Боец назвался Игорем. Шура, порвав свою рубашку, перевязал его раны покрепче, но кровь все равно сочилась.
День они провели на окраине леса. Шура заставил Игоря жевать крапиву – она сгущает кровь и снабжает организм витаминами.
Игорь сказал, что он из Ворска, инженер, по виду он был старше Шуры лет на десять. Ближе к вечеру Игорь признался, что он сражался в штрафном батальоне. Когда немцы начали наступление, их батальон был брошен навстречу им первым. Штрафники должны были прикрывать отступление. Погибли, видимо, все. Раненый Игорь очнулся, когда бой уже утих, вокруг лежали только мертвые. Он стал продвигаться к своим – временами шел, опираясь на палку, временами полз.

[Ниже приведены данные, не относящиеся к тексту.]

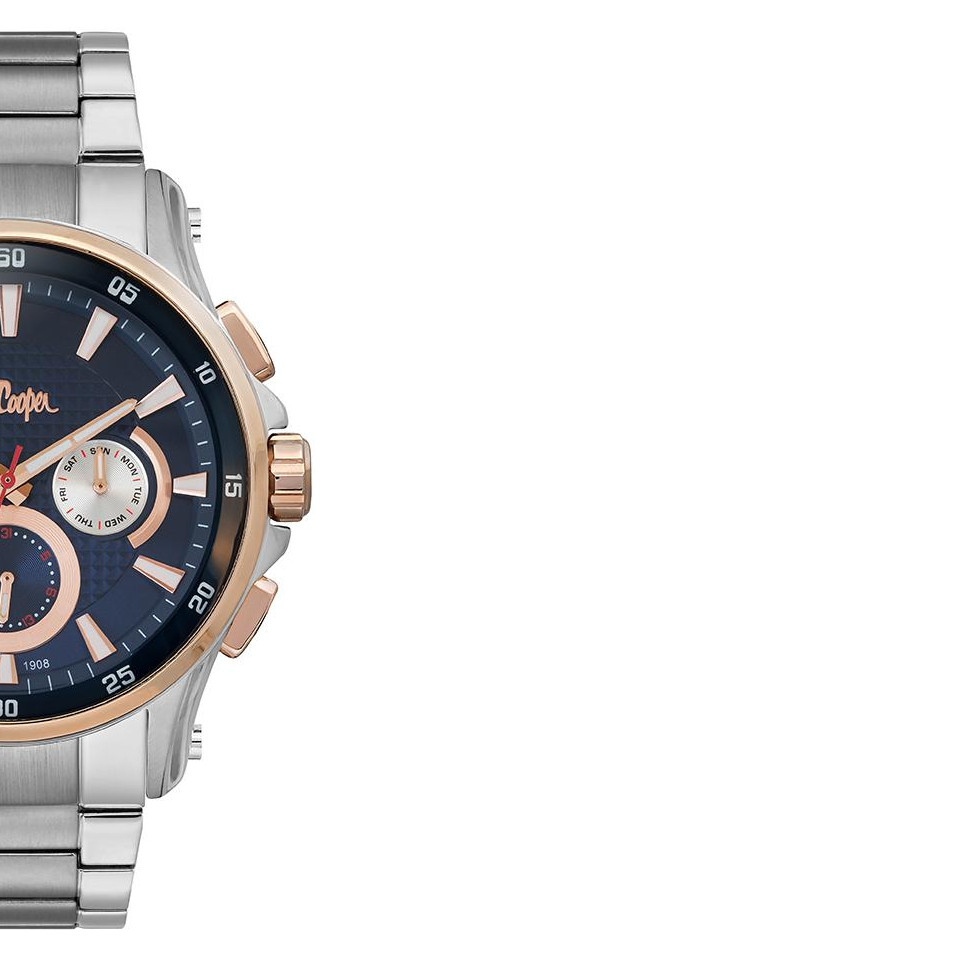 Lee Cooper 18 Summer LC06538590 6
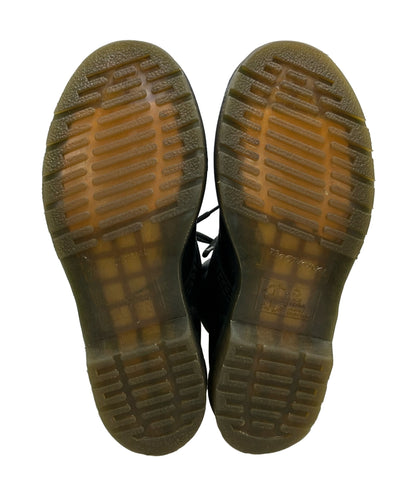 Dr.Martens ワークブーツ ショートブーツ 8ホール メンズ SIZE 6 ドクターマーチン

Дальше они шли вместе. Да, Игорь шел, он переставлял ноги сам, опираясь на Шуру, обняв его за плечо… Этот тяжело раненный боец был очень упорен в своем стремлении жить и сделать все, как надо, не стать обузой – в этом он походил на Шуру. Но сознание временами оставляло его. Он стал называть Шуру Федей, говорил несвязное.
Шура взвалил его на плечи и понес – ноги раненого волочились по земле, сам Шура едва плелся, приходилось часто останавливаться и отдыхать… К счастью, было уже близко.
Когда вышли в расположение советских войск, для Игоря нашелся врач – Шура сам за ним сходил и привел к раненому. Однако спасти Игоря не смогли. Через час он умер.
– Гражданин, это вы спрашивали «Заводскую»? – кондуктор обращался к Соргину.